Students will understand how to transform functions into other functions through x- and y- translations and rescaling, re-parameterizations, and function composition. Students will also know the properties of special classes of functions including logarithms, exponential functions, polynomials, and rational functions; and know how to obtain function inverses f^{-1}(y)=x when they exist.
Students will master the concept of a limiting value of a function f(x)=y when x approaches a value c, know when limits exists, utilize limit laws, how the property of continuity of a function at c relates to its limiting value, how asymptotic behavior can be described by limits, and how limiting values can be specified even when the f( c ) is not defined.
Students will understand how to use limits to compute the derivative of a function f' that describe the rate of change of a function f. Students will be able to utilize derivatives to model how two related quantities change with respect to each other, including motion of objects in terms of velocity and acceleration. Students will also learn the methods of differentiation for different classes of functions including exponential and logarithmic functions, trigonometric and inverse trigonometric functions, power functions, and compositions, sums, products, and quotients of functions, as well as differentiating functions that are only implicitly defined by an equation. Students will also be able to utilize the derivative in applied contexts, including function approximation, and how the average slope of a function relates to the derivative through the mean value theorem. If two quantities are related by an equation, students will be able to obtain the derivative of one quantity by knowing the derivative of the other. Students will know how to utilize linear approximations to perform numerical/algorithmic equation solving via Newton's method. Also, students will be able to utilize the derivative to find maximum, minimum, or otherwise "optimal" input values for equations important in science, business, and engineering.
Students will understand the definition of the integral of a function as the limiting value of an increasingly large average of function values. They will be able to relate the integral to anti-differentiation, when appropriate, through the fundamental theorem of calculus. Students will also be able to relate the integral to the area under the function's curve, know how to approximate the integral by a finite sum, and how to integrate over infinite-length domains. Specific integration techniques will also be mastered, including substitution, integration-by-parts, and partial fractions. Finally, students will understand the key concept underlying integration, that it computes the net accumulation of a quantity through summation of the change in the quantity amount per unit of time or space, over a specified interval of time or space.
Students will be able to utilize methods of integration to compute volumes of objects with circular-shaped aspects, and compute lengths of curves.

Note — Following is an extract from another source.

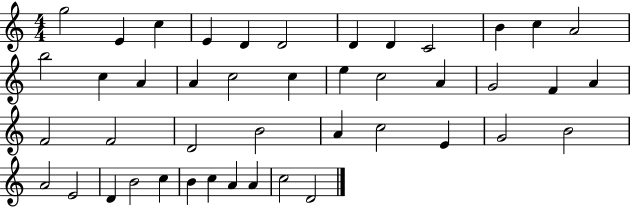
G5/h E4/q C5/q E4/q D4/q D4/h D4/q D4/q C4/h B4/q C5/q A4/h B5/h C5/q A4/q A4/q C5/h C5/q E5/q C5/h A4/q G4/h F4/q A4/q F4/h F4/h D4/h B4/h A4/q C5/h E4/q G4/h B4/h A4/h E4/h D4/q B4/h C5/q B4/q C5/q A4/q A4/q C5/h D4/h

These applications introduce a higher-level concept of integration, involving the summation of small volume segments dV or small length segments ds, which are computed by performing an appropriate parameterization to a real-number-line integral in terms of dx.
Students will be skilled in using integration to compute problems important in physics and engineering. Students will know how to compute an average value of a function using the mean value theorem for integrals, the center of mass for objects, and the computation of energy as a force integrated over a distance.
In addition to topical content, students will also gain experience and further mastery of complete problem solving fluency. Students will be able to read and interpret problem objectives, be able to select and execute appropriate methods to achieve the aforementioned objectives, and be able to interpret and communicate results.